Dans la même cour vivent les deux autres filles de Marie-Anne. Les tôles et le bois reçus du Trust Fund for the Integration of Vulnerable Groups ne suffisent pas à aménager une pièce convenable. L’une des deux soeurs, Marie Christine Jean Laval, évoque sa situation : «Mo ena trwa zanfan : 5 ans, 3 ans ek 7 mwa. Malgre mo miser mo resi avoy mo zanfan lekol. Zottouzour prop, mo kone kouma pou debat pou donn mo zanfan manze. Nou pe bizin ankor tolek dibwa parski ena bann bout ki manke, kan lapli tombe delo rant dan lakaz».
La grande majorité de ces filles sont des mères célibataires. La faute à la promiscuité. Quelques cases plus loin, chez Ernest et Veenila Jubain, on lutte pour sortir de la misère, mais le chemin reste long. Avec leurs six enfants ils enchaînent les petits boulots. «Mo madam travaydan lisin. Li travay depi 7heures ziska 9 heures. Mwa,mo labourer mo leve tou lezour 1 heure».
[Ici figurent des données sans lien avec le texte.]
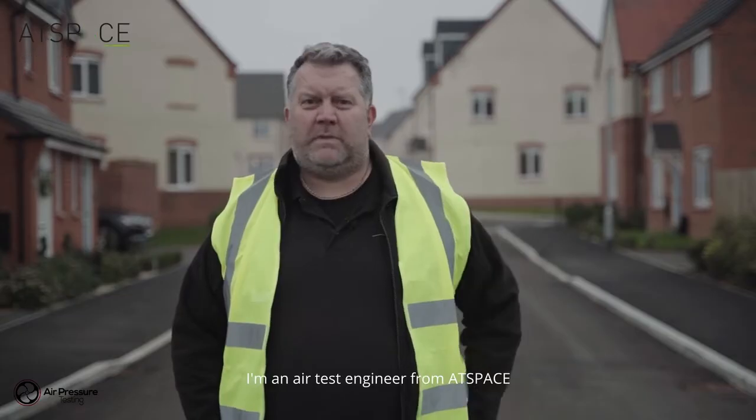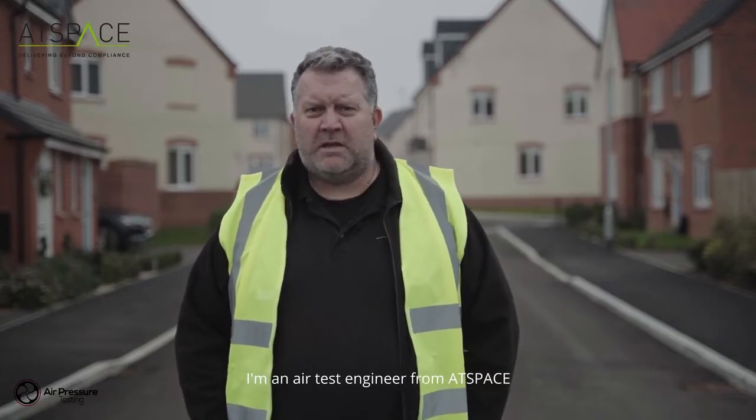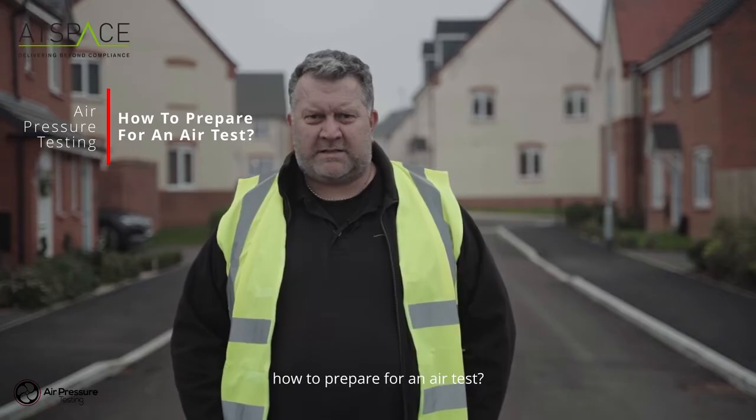Hello, my name is Simon Beanland and I'm an air test engineer from ThatSpace. I'm going to answer a question for you today: how to prepare for an air test.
Ses enfants âgés de 17, 14, 12, 6, 7 et 3 ans s’entassent sur un lit pour dormir. Ernest Jubain, qui arrondit ses fins de mois en travaillant comme menuisier, s’apprête à célébrer modestement la première communion de l’un de ses enfants. En attendant, son fils malade grelotte sur un lit. Pour cet homme, toute la bonne volonté du monde ne suffit pas pour sortir sa famille de cet enfer.
Les cas comme celui Ernest sont très communs. Sarah Edouard ne sait plus à quel saint se vouer. Amère, elle raconte comme la CDU lui a pris ses deux enfants en bas âge. Mère de huit enfants, elle est aujourd’hui inconsolable.
Dorianna Rayeroux, travailleuse sociale de la région raconte le combat de Sarah : «La police lui a pris ses deux enfants parce que des infirmiers de l’hôpital leur avaient rapporté qu’ils avaient mangé de la terre. Cela aurait pu arriver à n’importe quel enfant».
Sauf que la situation n’est pas la même pour toutes les familles. Aujourd’hui, ce qui reste aux familles de Camp-Firinga, c’est la conviction qu’ils réussiront un jour à sortir la tête hors de l’eau.
Lakaz Zen : un avenir pour les jeunes
Au coeur de Camp-Firinga, un soupçon d’espoir… Les enfants laissés à eux-mêmes sont pris en charge par un groupe de bénévoles du groupe ENSAM. Grâce à leur combat, ils ont réussi à ouvrir un centre d’épanouissement à l’intention des jeunes.
Trente-six jeunes sont encadrés et suivis au sein de LaKaz Zen. Parmi les bénévoles de ce centre figurent Dorianna Rayeroux, Jean-Claude Emilien et Marie Anne Arlanda. Leur objectif : redonner confiance aux jeunes qui ont été rejetés du système éducatif. Le centre leur permet ainsi de faire ce qu’ils aiment vraiment. «Nous voulons trouver le trésor en eux et le développer. Ainsi, des cours de cuisine, de bricolage, de coiffure, de peinture, de jardinage et bien d’autres, leur sont proposés bénévolement par des professionnels. Ils traînaient les rues sans savoir quoi faire de leur vie.» Conscients qu’il y a encore beaucoup de travail à faire, les travailleurs sociaux déplorent le manque d’encadrement des parents, sachant qu’eux aussi limités. «Il existe un centre à Camp-Firinga géré par la municipalité, mais ce centre n’est pas utilisé comme il se doit. Il est important qu’il y ait un suivi psychologique aussi bien des parents que des enfants issus de familles à problèmes.»
Lakaz Zen, toutefois, se retrouvera d’ici le mois prochain à court de budget pour continuer ses projets auprès des enfants de la région. «Nous organisons une quête dans les supermarchés en août et nous comptons beaucoup sur l’aide des Mauriciens».